TinCaps games are a popular family-friendly activity.
One place the TinCaps do have a big audience is on their social media channels, where they’ve been running some contests and promotions for fans during the pandemic, as well as offering to support Fort Wayne.
Limmer says they’re working with partners to post notifications on social media and stadium billboards about needs in the community, like food drop-off sites or donation opportunities.
His staff is also taking advantage of some extra pre-season time to boost their skills and earn certifications.
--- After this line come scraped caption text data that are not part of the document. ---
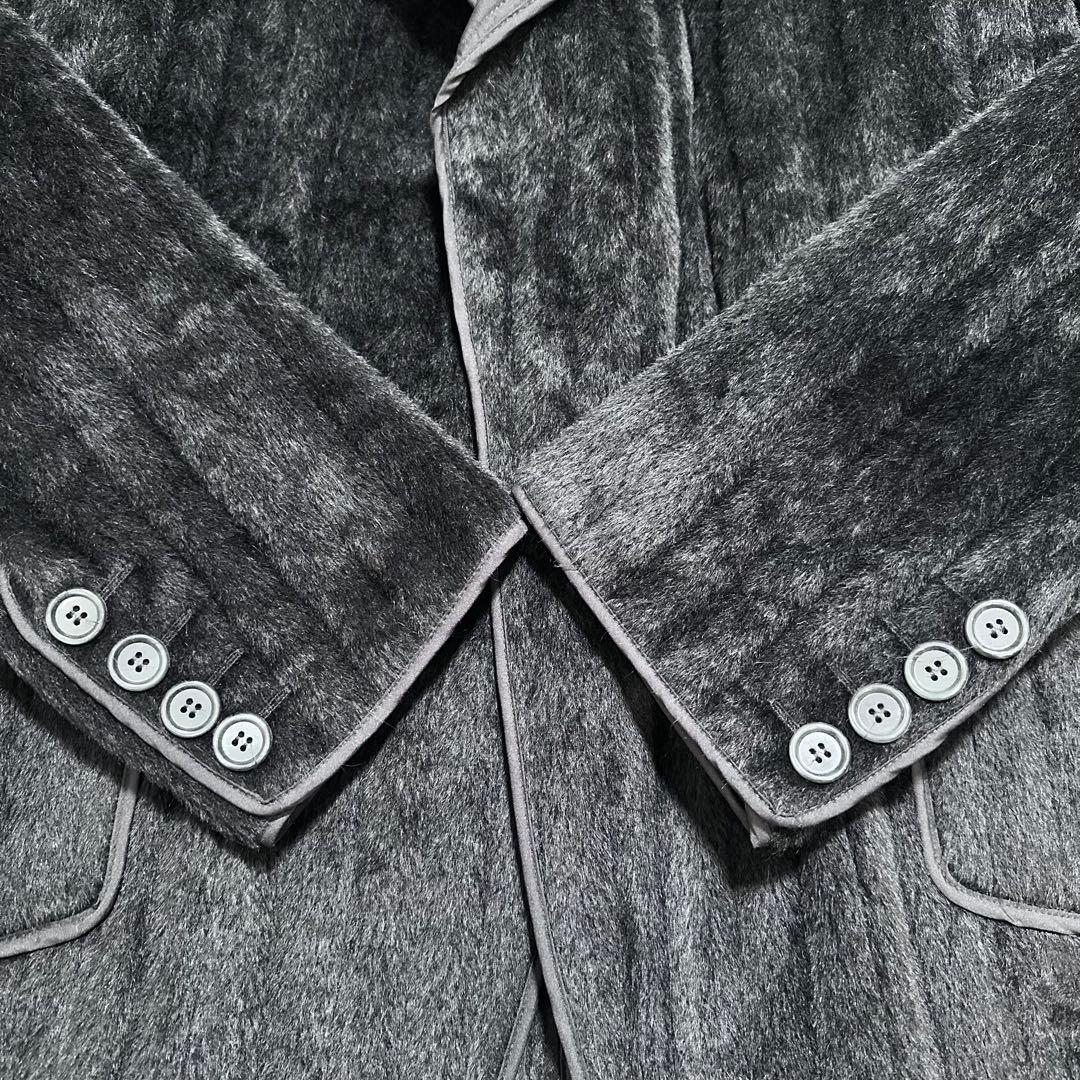 4XL相当✨MaxMara アルパカウール シャギーハーフコート 白タグ 黒48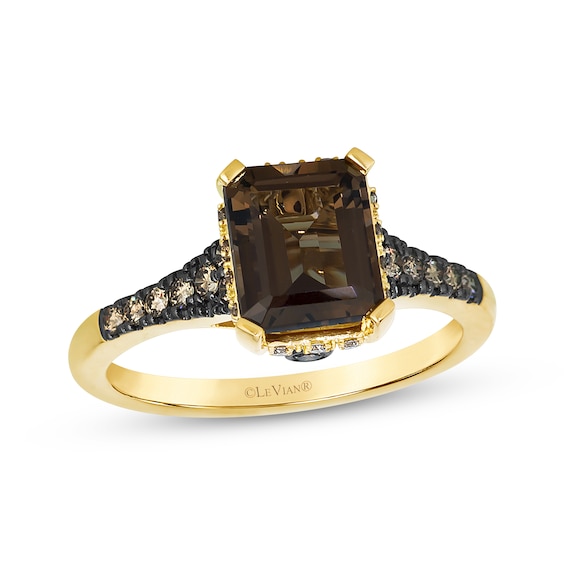 Le Vian Emerald-Cut Chocolate Quartz Ring 1/3 ct tw Diamonds 14K Honey Gold
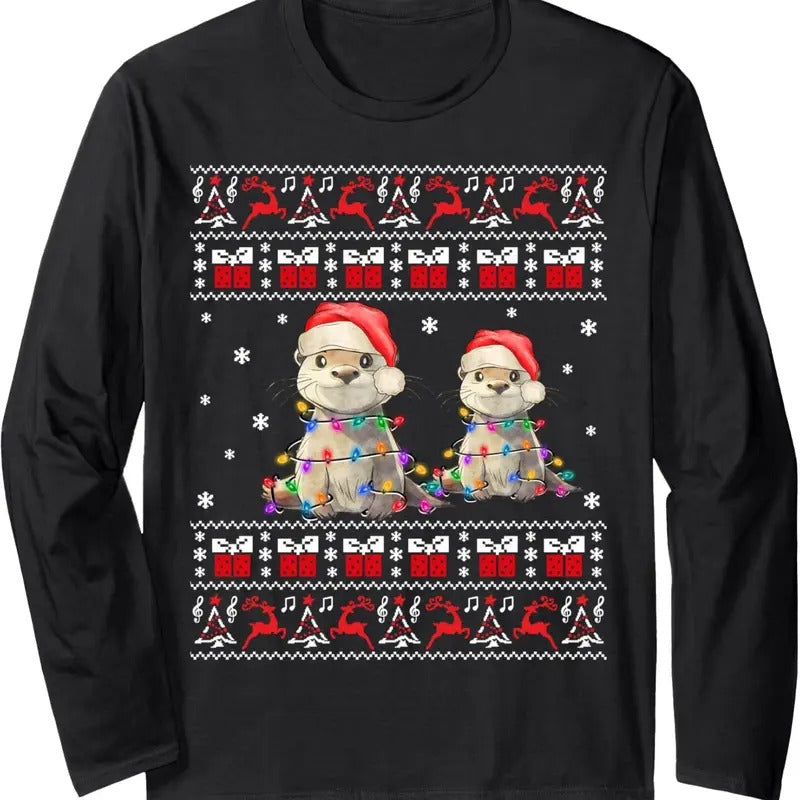 Otter Ugly Christmas Sweater Xmas Lights Family Matching Long Sleeve T-Shirt Hoodie, Sweatshirt | GrindPrints.com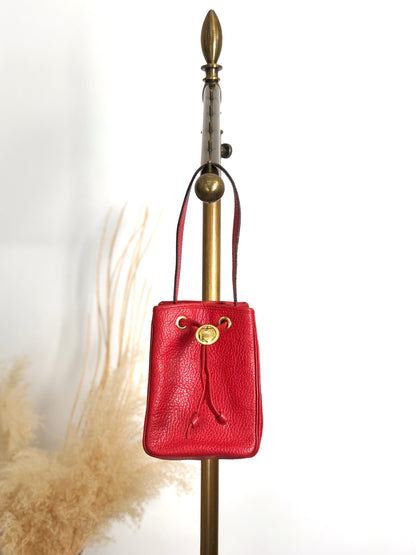 Christian Dior CD Logo Drawstring Small Handbag Red Vintage 46ensx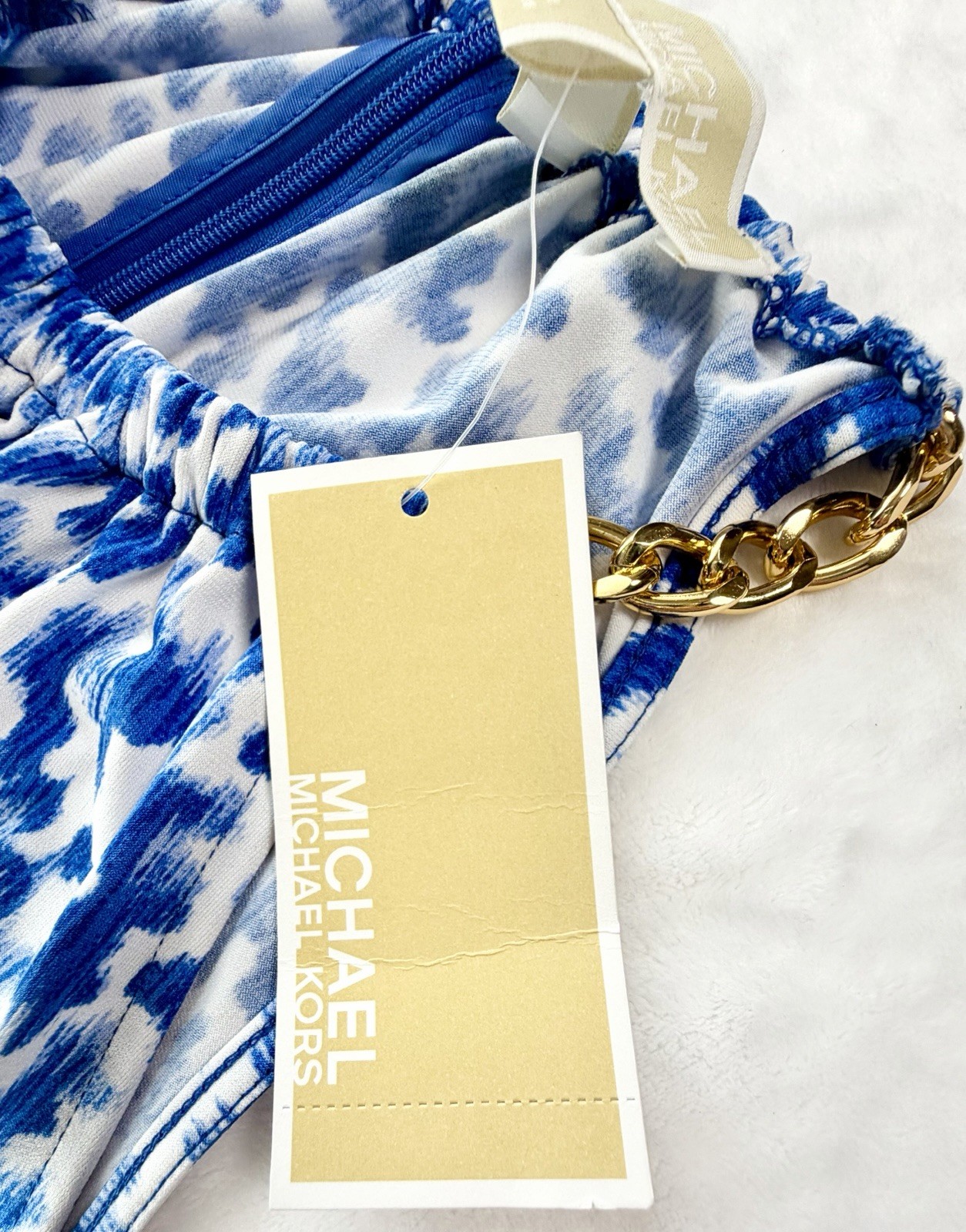 NWT MICHAEL Michael Kors Gold Chain Neck Halter Dress Twilight Blue Abstract S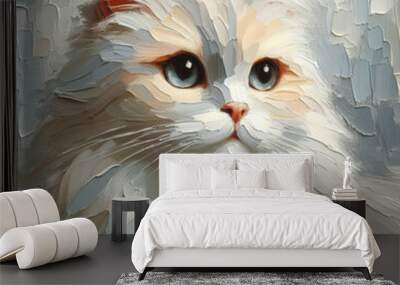 Oil painting of beautiful cat Wall mural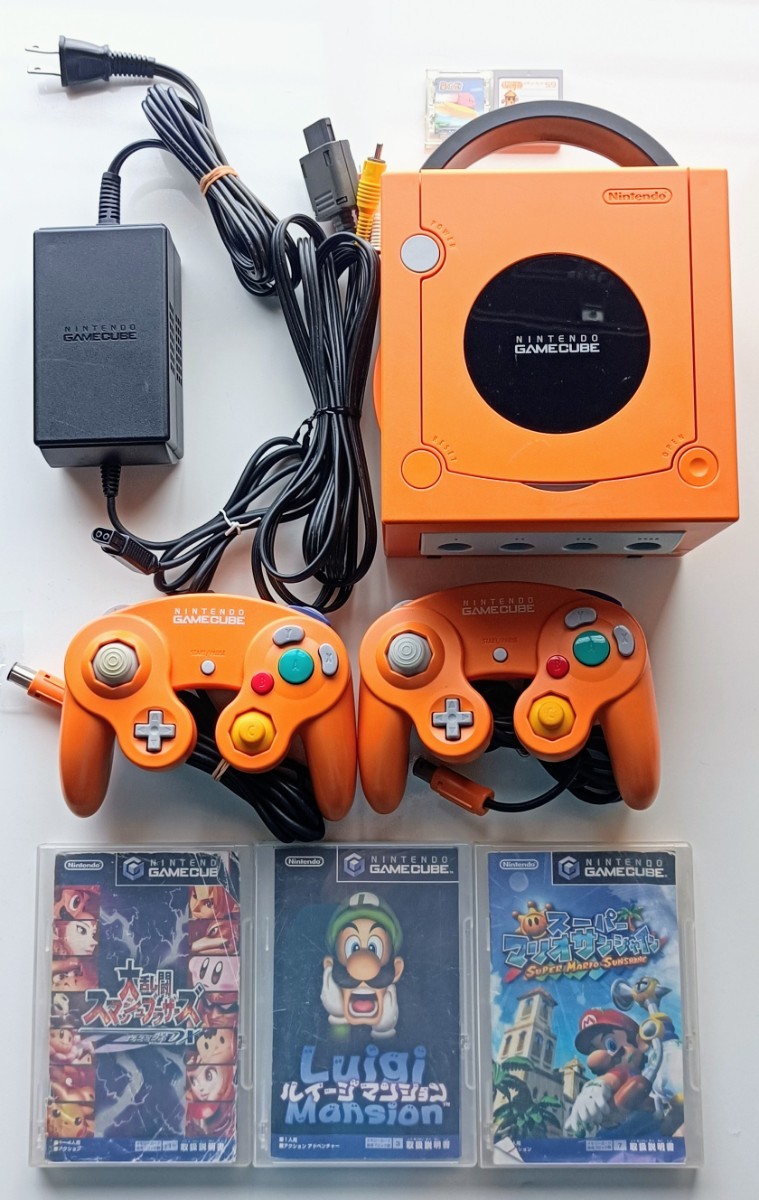 ゲームキューブ オレンジ ソフト3本 コントローラー2個セット NINTENDO GAMECUBE OA
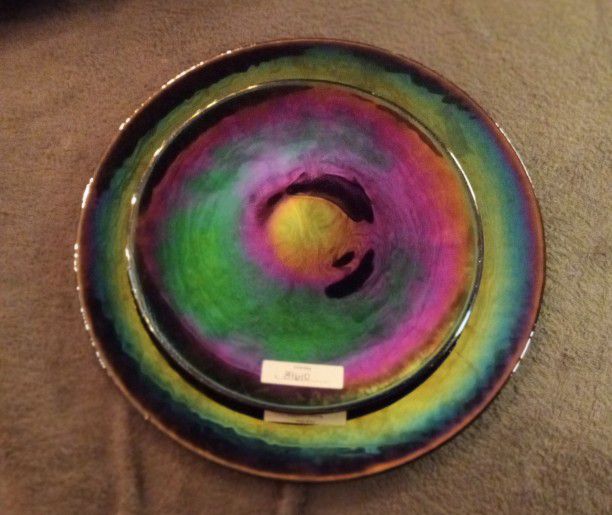 Rainbow Glass Dinner Plate And Salad Plate 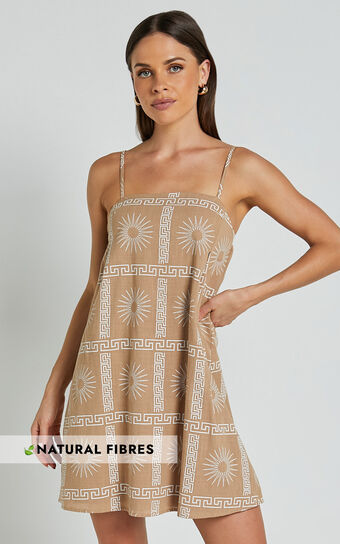Elia Mini Linen Blend Dress - Straight Neck Sleeveless Slip Dress in Tan/White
For example, since the TinCaps team is a Midwest League affiliate of the San Diego Padres, about half of the players speak Spanish as their primary language, Limmer says. Now, several staff members are learning or improving their Spanish, too.
Once the season does kickoff, his crew has a few special promotions they’re excited to launch. The TinCaps are going to be celebrating Hispanic and Latino culture in 2020 by changing their name to the “Mazanas Luchadoras” (Fighting Apples) for a series of games. Limmer says his staff has been working with a local Hispanic focus group to roll out this new celebration, which will include elements of Latino culture, like Spanish dance and a Mariachi Band.
Overall, the TinCaps staff is doing their best to stay busy and stay positive. After all, when the new normal arrives, Fort Wayne will need its most treasured forms of local entertainment to lift its spirits.
“Anyone who’s been to a TinCaps game knows that while it’s a game, while it’s a sport, it’s also a diversion from whatever you’re dealing with in life,” Limmer says. “Whatever it is you’ve got going in on, we’re offering you two to three hours of escape. We basically throw 70 parties a year. We try to be a diversion. I think more than ever, that’s going to be what we try to be this year.”